Bonds: Investors look past deficit data for October, focus on ECB, Fed
These were the movements in some of the most widely followed longer-term sovereign bond yields:
US: 2.24% (-1bp)
UK: 1.87% (-1bp)
Germany: 0.48% (0bp)
France: 0.82% (+1bp)
Spain: 1.64% (-5bp)
Greece: 7.10% (+16bp)
Japan: 0.32% (+2bp)
Portugal: 2.49% (+4bp)
Gilts moved slightly lower following remarks from the president of the European Central Bank hinting at further monetary easing, possibly as soon as December.
Speaking at 25th European Banking Congress in Frankfurt, Mario Draghi said that if the monetary authority´s inflation stability mandate appeared to be threatened then the ECB, "will do what we must to raise inflation as quickly as possible".
That pressured two-year German government debt yields down to a record low of -0.39% and weighed on 10-year Bunds, which surrendered eight basis points over the week as a whole.
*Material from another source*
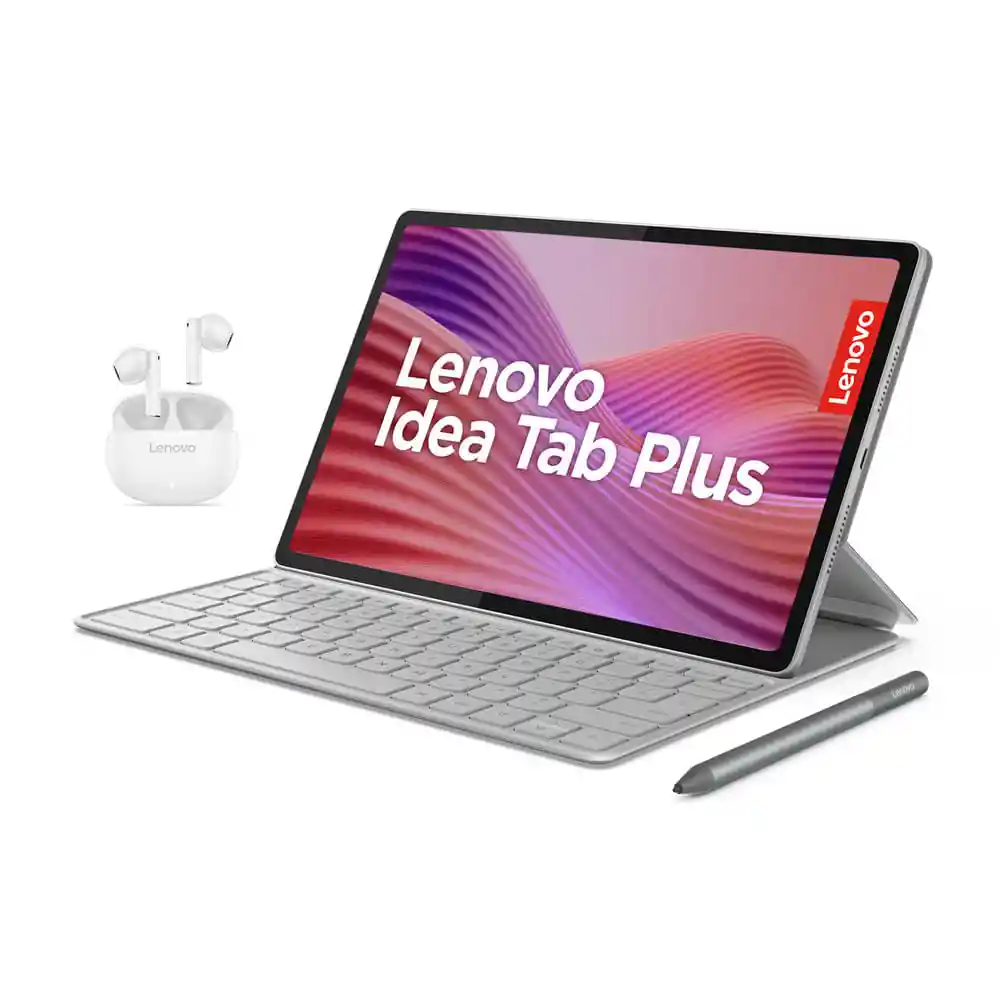 Tablet Lenovo Idea Plus - Ram 8gb - 256gb Ssd + Teclado + Funda Tipo Folio + Pencil Plus + Audif Lenovo E310 - 12" - Gris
Yields on two-year Spanish government debt also fell into negative territory, at -0.1%.
Investors thus chose to look past data showing that UK public sector net borrowing (excluding public sector banks) in October was £8.2bn.
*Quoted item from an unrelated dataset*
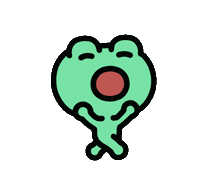 banguri animals animal frog amphibian Sticker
That was the largest October deficit since 2009 and higher than the consensus forecast for a shortfall of £6.0bn.
Stateside, the president of the St.Louis Fed, James Bullard, said on Friday that monetary policy should be more data-dependent and the central bank must be ready to be flexible, Bullard reportedly added.
"I think we are going to return to an era where there is a bit more uncertainty about what the (Fed's policy-setting) committee is going to do meeting to meeting," Bullard remarked.
The economy is headed into a 'boom' period, the rate-settered also said.
Overnight on Thursday, Fed Vice Chairman Stanley Fischer had said that Fed policymakers had done everything "we can to avoid surprising the markets and governments when we move."
Nevertheless, a final decision had not yet been taken, Fischer stated.
A decision to raise rates in December will be data-dependent, New York Fed president William Dudley said on Friday.